# Work item:
Transcribe each record exactly. Omit the pictures.

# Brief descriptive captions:
-------

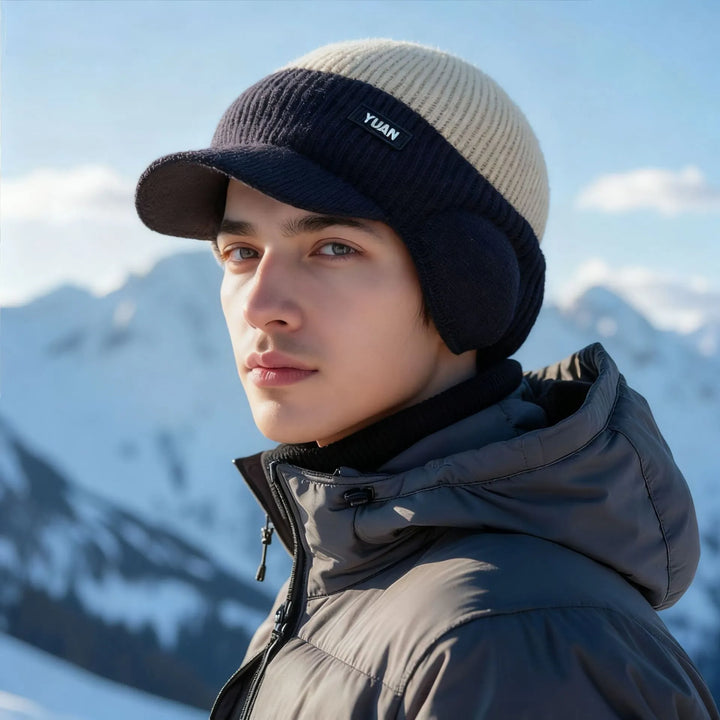 Elvaro | Thermo-Strickmütze mit Schirm und Ohrenwärmern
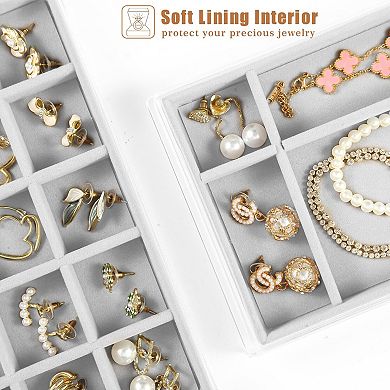 5-Drawer Clear Jewelry Organizer Box Velvet Lining Stackable Gift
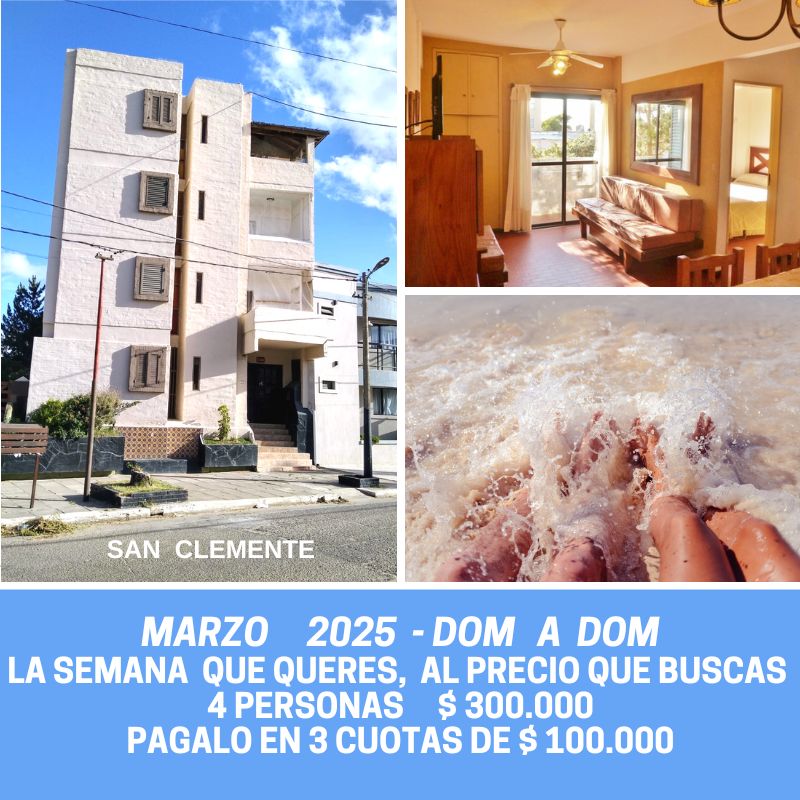 San Clemente, Promociones,  MARZO 2025, Alquiler departamento, tarifas, precios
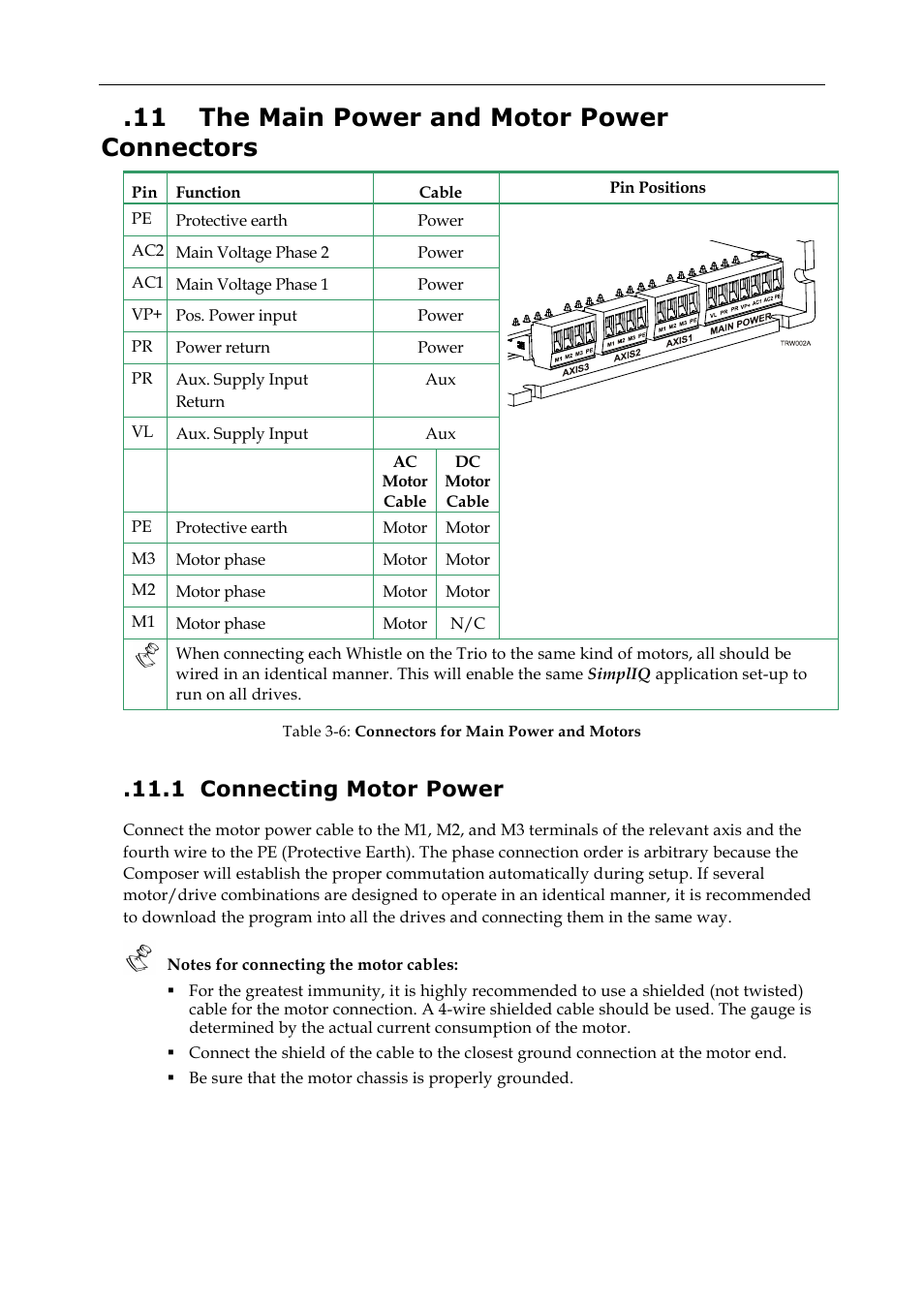 11 the main power and motor power connectors, 1 connecting motor power | ElmoMC SimplIQ Digital Servo Drives-Whi-Trio Installation Guide User Manual | Page 21 / 62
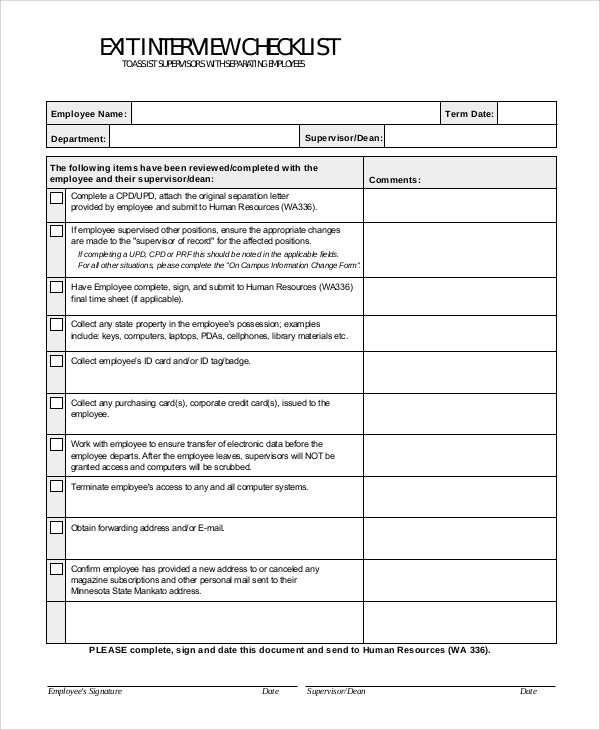 exit interview checklist form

-------

# Expected answer:
 Elvaro | Thermo-Strickmütze mit Schirm und Ohrenwärmern
 5-Drawer Clear Jewelry Organizer Box Velvet Lining Stackable Gift
 San Clemente, Promociones,  MARZO 2025, Alquiler departamento, tarifas, precios
 11 the main power and motor power connectors, 1 connecting motor power | ElmoMC SimplIQ Digital Servo Drives-Whi-Trio Installation Guide User Manual | Page 21 / 62
 exit interview checklist form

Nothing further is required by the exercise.